34

Legend has it that there is in Newcastle a hospital ward which is largely populated by drinkers of a famous local ale. By the same token it is said that Edinburgh's orthopaedic hospital provision exists mainly to patch together the victims of motorcycle accidents.

Neither fable stands up to close examination. In particular, the East of Scotland's reputation for excellence in reconstructive surgery is founded on decades of exceptional work with patients, many of them children, suffering from congenital or degenerative conditions.

Dalkeith Orthopaedic Centre had been open for less than a year, Detective Sergeant Steve Steele learned from the plaque on the wall of its main entrance. He vaguely remembered the wrangling which had preceded the decision of the previous government to commit funds to the project, public and surgical opinion having been at odds over the construction of a specialist unit in times of financial shortage.

Eventually, the Ministers of the day had given the nod to the electors, mollifying the medics by providing the new hospital through a private finance initiative.

'What exactly is a PFI, sir?' Steele asked Mackie as they stepped through the main entrance to the centre, passing into a welcoming reception hall, well appointed both with furniture and potted palms.

'The only thing I know about it is that someone makes a buck out of it, long-term,' the detective superintendent answered, dryly.

He stepped up to the reception point and introduced himself, and his colleague. 'We have an appointment with Miss Berry, the Head Pharmacist.'

The young man behind the desk gave him a cool, appraising look, then pointed towards the busy waiting area. 'If you'll take a seat, gentlemen; I'm sure she'll be with you when she can.' Something about his tone needled Mackie.
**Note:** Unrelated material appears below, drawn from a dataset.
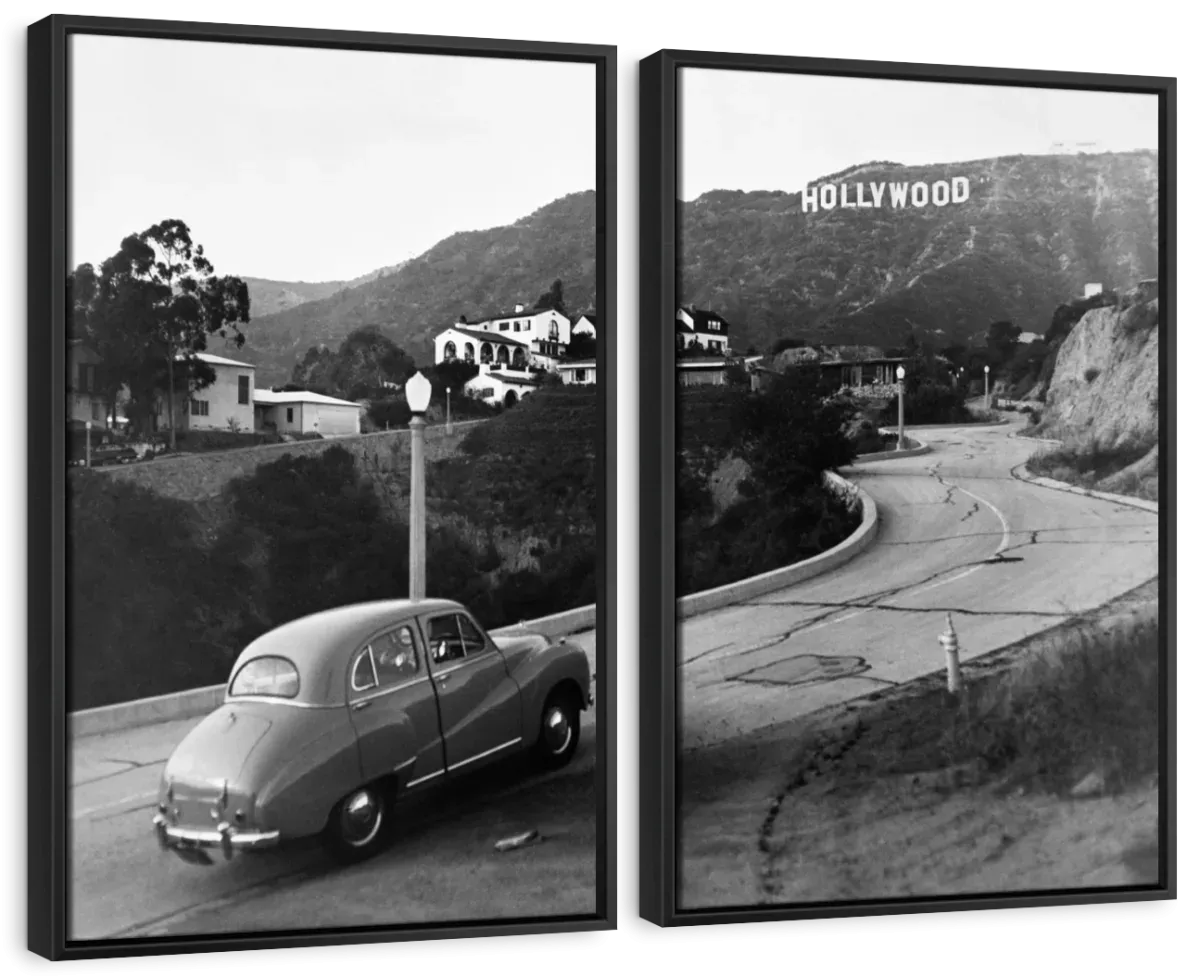 1950s Austin Car Driving Up Hollywood Hills Wall Art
He suspected that the receptionist had had other meetings with police officers.

'I don't want a seat,' he said, quietly. 'I've got plenty of seats. You just tell her we're here.'

The detectives stood by the desk, watching the youth as he pushed a button on his telephone console and spoke quietly into its microphone. 'Your two-thirty appointment, Miss Berry,' he said. They heard a bright voice answer. 'I'll be right there.'

'Do you think this bloke was going to jerk us about, sir?' Steele asked, loudly enough to be heard on the other side of the desk.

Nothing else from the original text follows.